Member of the State Duma
- In office 19 September 2021 – 20 September 2023
- Succeeded by: Alexander Sidyakin
- Constituency: Voronezh Oblast

Personal details
- Born: 6 December 1976 (age 49) Saratov, Russian Soviet Federative Socialist Republic, USSR
- Party: United Russia
- Alma mater: Saratov Military Institute Of Internal Troops Of The Ministry Of Internal Affairs Of Russia

= Igor Kastyukevich =

Russian politician and Mayor of Kherson

Igor Yurievich Kastyukevich (Игорь Юрьевич Кастюкевич; born 6 December 1976 in Saratov) is a Russian political. Senator of the Federation Council of the Russia from the Kherson Oblast from 20 September 2023 year.

First Deputy Chairman of the State Duma Russia committee on Youth Policy, deputy of the 8th State Duma Russia from 2021 to 2023.

== Biografy ==
He was born on December 6, 1976, in Saratov.

In 1999, he graduated from the Law Faculty of the Saratov Military Institute of Internal Troops of the Ministry of Internal Affairs of the Russian Federation (now the Saratov Military Institute of the National Guard Russia), and in 2006, he graduated from the Stolypin Volga Region Academy of Public Administration (now the Stolypin Volga Region Institute of Management within the Russian Presidential Academy of National Economy and Public Administration).

From 1999 to 2003, he served in the Russian Armed Forces.

In 2003 he started working in the sports development department of the Ministry of Youth Policy, Sports and Tourism of Saratov Oblast. He left the post to become the head of the combat sports center in Saratov Oblast.

From 2008 to 2011, he headed the Saratov Children's and Youth Sports School in martial arts.

In 2011–2020, he headed the National Aikido Council of Russia.

In 2017, he was appointed the head of the department of Youth Projects of the All-Russia People's Front.

In 2018, he joined the Presidential Council for the Implementation of State Policy in the Field of Family and Child Protection.

Since 2021 to 2023, he has served as deputy of the 8th State Duma Russia.

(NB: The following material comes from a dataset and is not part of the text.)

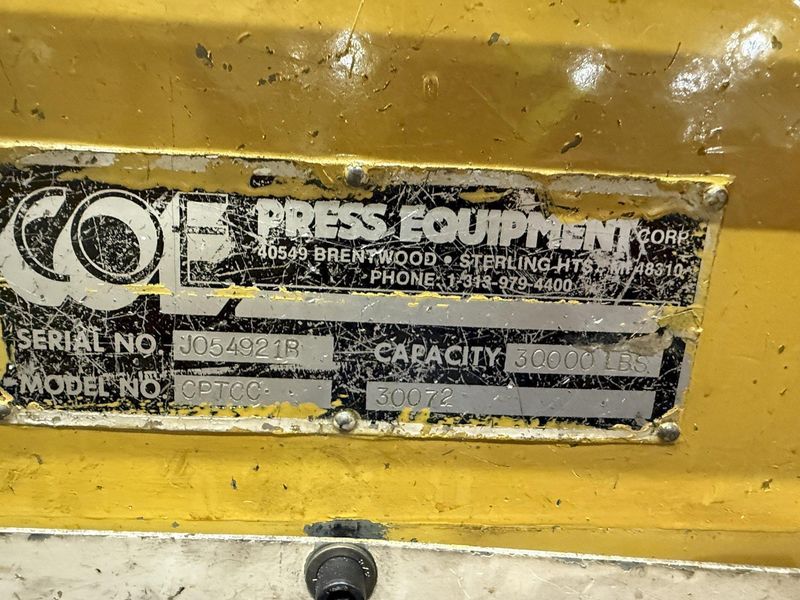 30,000 lbs. x 72" Coe Press Equipment Coil Feed Line, 3 Complete Lines Available for Sale!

Since October 7, 2021, he has been the Deputy Head of the United Russia faction, led by Vladimir Vasilyev.

Since November 2021, he has been a member of the General Council Commission of the «United Russia» Party for the Protection of Maternity, Childhood, and Family Support.

From 2021 to 2023, he served as the First Deputy Chairman of the State Duma Russia Committee on Youth Policy under Artem Metelev.

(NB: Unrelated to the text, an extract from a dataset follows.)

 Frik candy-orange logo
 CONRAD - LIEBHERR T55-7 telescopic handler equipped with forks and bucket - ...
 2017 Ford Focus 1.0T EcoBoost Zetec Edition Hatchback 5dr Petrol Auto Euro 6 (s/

Since February 2022, he has been the Youth Affairs Coordinator for the «United Russia» political party. His responsibilities include coordinating the activities of the Young Guard United Russia, developing proposals for the party's General Council Presidium on implementing youth programs, and improving youth policy.

Since December 8, 2022, he has been the Secretary of the regional branch of the United Russia party in the Kherson region. He is also a member of the party's General Council.

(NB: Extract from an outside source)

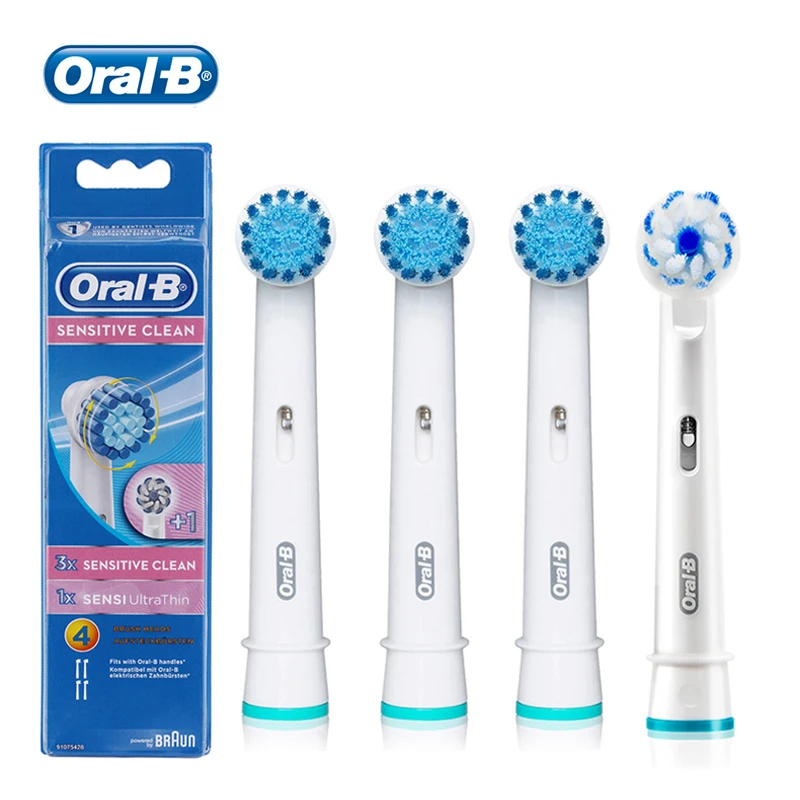 

Oral B Replacement Toothbrush Head Soft Bristle for Sensitive Teeth Protect Gum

From 10 September to 20 September 2023, – member of the first convocation of the Kherson Oblast Duma.

20 September 2023 year later was appointed as a senator of the Federation Council of Russia from the regional legislature.

== Awards ==
He was awarded the Order of Courage (2022). He has a commendation (2015) and an honorary certificate (2020) from the President of the Russian Federation.

He is one of the winners managers of the «Leaders of Russia. Politics». competition (2020).

He is a candidate for a master's degree in SAMBO.

== Activities ==
Kastyukevich is the author of several projects that became winners of social and cultural competitions. For example, the project “Bring Your Child to Sports!” helps parents and children understand which sports club to choose and how to develop a love for an active lifestyle.

He is the initiator of the nationwide project “Coach”, aimed at the socialization of troubled teenagers.

In 2020, he became one of the winners of the competition “Leaders of Russia. Politics.”

In the summer of 2021, he led a volunteer mission to eliminate the consequences of wildfires in Yakutia. Under his leadership, about a hundred volunteers from 19 regions of the country helped restore the republic after the fires for two weeks.

== Sanctions ==
He was sanctioned by the UK government in 2022 in relation to the Russo-Ukrainian War.

He is one of the members of the State Duma the United States Treasury sanctioned on 24 March 2022 in response to the 2022 Russian invasion of Ukraine.